I believe that God’s activity in human history can be seen when great and oppressive empires collapse and when their tyrannical rulers who demanded idolatrous subservience are brought low. One by one they have vanished, from the empires of antiquity to Nazi Germany with its fevered dream of a thousand-year reich. Although past regimes that aspired to almighty power fell, the memory of their deeds must be preserved in human hearts. God requires us to remember the past and to understand our existence in light of it (cf. Deuteronomy 32:7).

Seventy-seven years ago, on January 27, the Auschwitz-Birkenau concentration camp was liberated by Soviet troops. It was the largest of the extermination camps that the Nazis and their acolytes had erected to annihilate all those they considered harmful to the Aryan “race” and its supposed destiny to rule the world. Of the 1,100,000 people who were exterminated there, 90% were Jews. In 2005, the United Nations General Assembly designated that January 27, the day of the liberation of Auschwitz, be memorialized as International Holocaust Remembrance Day.

In Deuteronomy 25:17, God commands the people of Israel to remember forever the actions of the Amalekites who attacked them when they were weak and vulnerable following their escape from slavery (Exodus 17:8-16).

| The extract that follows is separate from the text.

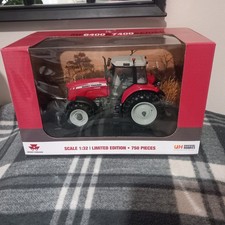 Universal Hobbies Massey Ferguson 7495 1:32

Preserving the memory of such assaults warns us not to become complacent, to think that something like this could not happen again, or to imagine, “this is not going to happen to me.” We must not forget the horrific depths to which the human mind can descend and so not allow ourselves to fall prey to our own inner demons or to succumb to the charism and appeal of any despotic and malevolent leader.

On April 30, 1943, while the Warsaw ghetto uprising was taking place, and the horrific massacres of Jews in Europe were becoming known, the famous Israeli poet Abraham Shlonsky published his poem “The Vow” in the newspaper Haaretz. In it he movingly expresses his promise not to forget anything that happened, to remember everything, and to see that people learn from his words.

The same sentiment, “Let our fate be a warning to you,” is engraved on the mausoleum at Majdanek death camp in Poland, which contains the ashes and remains of those executed there. These words give voice to the feelings of the voiceless about those who remain alive. Thankfully, sensitive people saw to it that the victims’ soundless and anguished cry would be carved in stone forever.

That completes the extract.